I did something strange this weekend. I took a break. That’s right, three whole days off from homework. Big woop. Lol. If nothing else, though, it gave me a chance to read some stuff I actually wanted to read. One of which was Veronica Rossi’s “Under the Never Sky.” Here’s my review.
Under the Never Sky (Under the Never Sky, Book 1)
by Veronica Rossi
Genre: new adult dystopia
Harper Collins 2012
Since she'd been on the outside, she'd survived an Aether storm, she'd had a knife held to her throat, and she'd seen men murdered. This was worse. Exiled from her home, the enclosed city of Reverie, Aria knows her chances of surviving in the outer wasteland-known as The Death Shop-are slim. If the cannibals don't get her, the violent, electrified energy storms will. She's been taught that the very air she breathes can kill her. Then Aria meets an Outsider named Perry. He's wild-a savage-and her only hope of staying alive. A hunter for his tribe in a merciless landscape, Perry views Aria as sheltered and fragile-everything he would expect from a Dweller. But he needs Aria's help too; she alone holds the key to his redemption. Opposites in nearly every way, Aria and Perry must accept each other to survive. Their unlikely alliance forges a bond that will determine the fate of all who live under the never sky.

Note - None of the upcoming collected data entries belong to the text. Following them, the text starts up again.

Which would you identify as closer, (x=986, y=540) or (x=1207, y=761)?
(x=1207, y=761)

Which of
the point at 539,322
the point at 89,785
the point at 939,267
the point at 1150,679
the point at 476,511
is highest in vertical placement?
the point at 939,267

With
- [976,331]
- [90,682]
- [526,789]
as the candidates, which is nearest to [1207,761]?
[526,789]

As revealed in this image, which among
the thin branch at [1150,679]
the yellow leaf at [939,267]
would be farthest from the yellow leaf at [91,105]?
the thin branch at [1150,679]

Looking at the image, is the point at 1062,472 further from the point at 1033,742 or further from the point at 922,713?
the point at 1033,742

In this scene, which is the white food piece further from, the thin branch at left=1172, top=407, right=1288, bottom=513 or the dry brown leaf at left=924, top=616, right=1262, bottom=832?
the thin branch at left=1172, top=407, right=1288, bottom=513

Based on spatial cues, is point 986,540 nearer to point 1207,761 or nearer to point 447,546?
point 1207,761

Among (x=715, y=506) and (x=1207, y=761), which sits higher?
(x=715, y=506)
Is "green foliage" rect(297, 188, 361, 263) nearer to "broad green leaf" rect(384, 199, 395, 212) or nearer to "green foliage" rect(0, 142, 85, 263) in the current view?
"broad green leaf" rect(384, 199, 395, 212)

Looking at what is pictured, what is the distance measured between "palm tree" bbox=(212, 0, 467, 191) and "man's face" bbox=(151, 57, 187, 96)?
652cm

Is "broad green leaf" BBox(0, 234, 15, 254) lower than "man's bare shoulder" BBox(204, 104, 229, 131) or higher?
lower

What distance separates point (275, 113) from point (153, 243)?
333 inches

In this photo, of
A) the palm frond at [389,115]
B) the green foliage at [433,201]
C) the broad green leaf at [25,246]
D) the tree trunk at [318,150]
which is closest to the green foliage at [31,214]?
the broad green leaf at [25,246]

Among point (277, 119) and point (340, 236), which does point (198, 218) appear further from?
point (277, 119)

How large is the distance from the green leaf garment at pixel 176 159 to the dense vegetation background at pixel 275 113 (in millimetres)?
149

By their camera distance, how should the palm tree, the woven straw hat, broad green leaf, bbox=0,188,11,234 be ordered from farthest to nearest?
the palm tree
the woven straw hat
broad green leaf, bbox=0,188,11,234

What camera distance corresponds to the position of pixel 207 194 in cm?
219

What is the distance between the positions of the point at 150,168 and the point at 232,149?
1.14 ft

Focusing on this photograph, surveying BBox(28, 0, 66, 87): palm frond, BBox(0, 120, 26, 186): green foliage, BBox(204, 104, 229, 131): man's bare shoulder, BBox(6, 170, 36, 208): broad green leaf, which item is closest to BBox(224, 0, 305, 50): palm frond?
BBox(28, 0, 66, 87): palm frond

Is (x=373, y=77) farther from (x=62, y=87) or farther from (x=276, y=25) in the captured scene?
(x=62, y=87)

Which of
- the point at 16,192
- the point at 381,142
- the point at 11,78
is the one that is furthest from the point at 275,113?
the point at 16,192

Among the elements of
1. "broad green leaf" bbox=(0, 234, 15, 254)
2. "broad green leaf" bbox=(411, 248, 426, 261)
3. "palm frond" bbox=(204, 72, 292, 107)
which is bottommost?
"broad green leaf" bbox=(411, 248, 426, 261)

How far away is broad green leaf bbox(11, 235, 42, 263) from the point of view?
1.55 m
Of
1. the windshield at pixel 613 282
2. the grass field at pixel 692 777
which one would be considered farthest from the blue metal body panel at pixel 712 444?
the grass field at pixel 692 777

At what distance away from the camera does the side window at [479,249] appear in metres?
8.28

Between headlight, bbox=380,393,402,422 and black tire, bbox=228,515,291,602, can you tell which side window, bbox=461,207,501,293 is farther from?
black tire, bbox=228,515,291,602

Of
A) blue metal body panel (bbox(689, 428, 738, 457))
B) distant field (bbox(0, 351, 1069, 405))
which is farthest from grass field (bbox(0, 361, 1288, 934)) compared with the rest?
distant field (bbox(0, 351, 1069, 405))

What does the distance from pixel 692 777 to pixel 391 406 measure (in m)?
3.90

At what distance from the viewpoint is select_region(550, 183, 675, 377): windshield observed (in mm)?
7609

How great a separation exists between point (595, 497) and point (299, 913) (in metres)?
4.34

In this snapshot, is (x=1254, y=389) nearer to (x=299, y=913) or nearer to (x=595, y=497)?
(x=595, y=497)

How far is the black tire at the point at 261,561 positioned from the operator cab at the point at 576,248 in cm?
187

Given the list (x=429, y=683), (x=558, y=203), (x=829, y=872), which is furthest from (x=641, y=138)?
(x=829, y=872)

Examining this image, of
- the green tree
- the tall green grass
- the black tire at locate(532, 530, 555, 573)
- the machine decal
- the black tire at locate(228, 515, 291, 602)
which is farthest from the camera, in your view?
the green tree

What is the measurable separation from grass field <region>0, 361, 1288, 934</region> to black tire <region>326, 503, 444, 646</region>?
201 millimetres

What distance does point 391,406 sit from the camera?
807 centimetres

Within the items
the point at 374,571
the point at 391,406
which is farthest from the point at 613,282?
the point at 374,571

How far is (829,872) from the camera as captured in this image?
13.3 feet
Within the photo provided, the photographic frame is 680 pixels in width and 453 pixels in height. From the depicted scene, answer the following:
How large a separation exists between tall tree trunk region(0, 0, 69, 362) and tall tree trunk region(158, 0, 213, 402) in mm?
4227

In her enthralling debut, Veronica Rossi sends readers on an unforgettable adventure set in a world brimming with harshness and beauty.

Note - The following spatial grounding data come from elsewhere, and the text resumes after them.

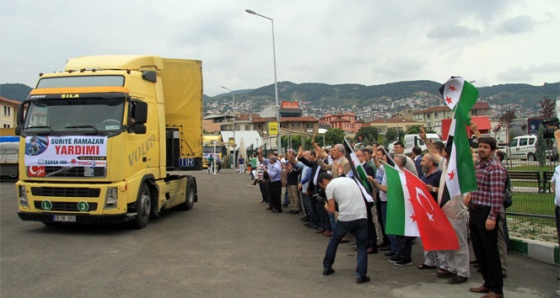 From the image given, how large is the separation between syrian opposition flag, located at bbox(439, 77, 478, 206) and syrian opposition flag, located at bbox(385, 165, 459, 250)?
241 millimetres

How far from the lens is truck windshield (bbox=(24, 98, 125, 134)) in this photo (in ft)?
32.1

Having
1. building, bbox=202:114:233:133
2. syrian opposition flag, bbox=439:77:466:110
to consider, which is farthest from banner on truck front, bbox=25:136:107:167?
building, bbox=202:114:233:133

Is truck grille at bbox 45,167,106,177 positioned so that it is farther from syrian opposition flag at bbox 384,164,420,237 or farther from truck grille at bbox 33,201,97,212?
syrian opposition flag at bbox 384,164,420,237

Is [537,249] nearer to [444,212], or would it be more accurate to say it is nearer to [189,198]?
[444,212]

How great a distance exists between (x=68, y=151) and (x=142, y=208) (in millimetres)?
2132

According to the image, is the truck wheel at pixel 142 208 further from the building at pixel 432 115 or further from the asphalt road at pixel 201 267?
the building at pixel 432 115

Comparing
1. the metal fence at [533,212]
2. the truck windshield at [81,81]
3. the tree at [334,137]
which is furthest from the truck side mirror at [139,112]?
the tree at [334,137]

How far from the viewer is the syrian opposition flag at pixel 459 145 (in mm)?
5992

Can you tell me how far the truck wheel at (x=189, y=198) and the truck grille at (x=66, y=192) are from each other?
4897 millimetres

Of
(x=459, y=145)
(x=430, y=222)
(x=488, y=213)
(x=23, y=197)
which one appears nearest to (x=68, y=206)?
(x=23, y=197)

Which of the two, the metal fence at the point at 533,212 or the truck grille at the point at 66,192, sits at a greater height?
the truck grille at the point at 66,192

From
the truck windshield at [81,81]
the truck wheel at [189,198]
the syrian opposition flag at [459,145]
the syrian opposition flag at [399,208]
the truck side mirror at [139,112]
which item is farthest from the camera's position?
the truck wheel at [189,198]

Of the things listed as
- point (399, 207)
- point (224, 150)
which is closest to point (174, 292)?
point (399, 207)

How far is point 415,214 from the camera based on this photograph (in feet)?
22.0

Rossi creates a rich, detailed world. It’s clear from the beginning the differences between the dwellers and outsiders. The book, for the most part, alternates chapters between Aria and Perry. Very early on, Aria is kicked (literally) out of her home for, essentially, being a thorn in one of the leader’s sides. Perry is the brother of his tribe’s Blood Lord and a Scire, which means he has heightened smell and the ability to scent tempers—emotions. The two are brought together for the first time in Chapter 3 when Perry unintentionally rescues Aria, and when Aria is outcast, they again find one another and begin a journey across the land to find Aria’s mother and Perry’s nephew.

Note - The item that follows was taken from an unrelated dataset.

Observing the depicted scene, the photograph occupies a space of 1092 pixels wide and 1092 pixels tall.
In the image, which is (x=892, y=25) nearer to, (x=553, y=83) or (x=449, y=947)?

What worked really well: The character arcs were detailed. It was great to see Aria adapt to life outside and Perry become accustomed to traveling with a dweller. They can’t stand each other in the beginning, which leads to some awesome dialogue and conflict.
My favorite part of this book, though, was the sky. Rossi makes the Aether and its roiling colors and powerful storms its own character. The Aether plays such a big part in just about everything that happens. The look of the sky reflects the action, and really, the Aether is just another antagonist. Very well done.
I don’t have too much in the negative to say. I thought Aria and Perry’s relationship was a bit instalove, but it wasn’t an overbearing instalove—the I-can’t-stand-to-be-away-from-the-other-person-for-more-than-thirty-seconds type.
I also would have liked to see more of the realms. Through the course of the book, Rossi has Aria fling around terms like “in the real,” and while the words themselves fill out her world, we don’t see the realms until several chapters in. I guess I would have just liked it if the story started earlier. Rossi fills in the pre-chapter 1 events in such good detail. I wanted to see them. It would have given me a framework for the world and made even more prominent the differences between Aria and Perry.
All in all 3.5 stars and I’m excited to read book 2.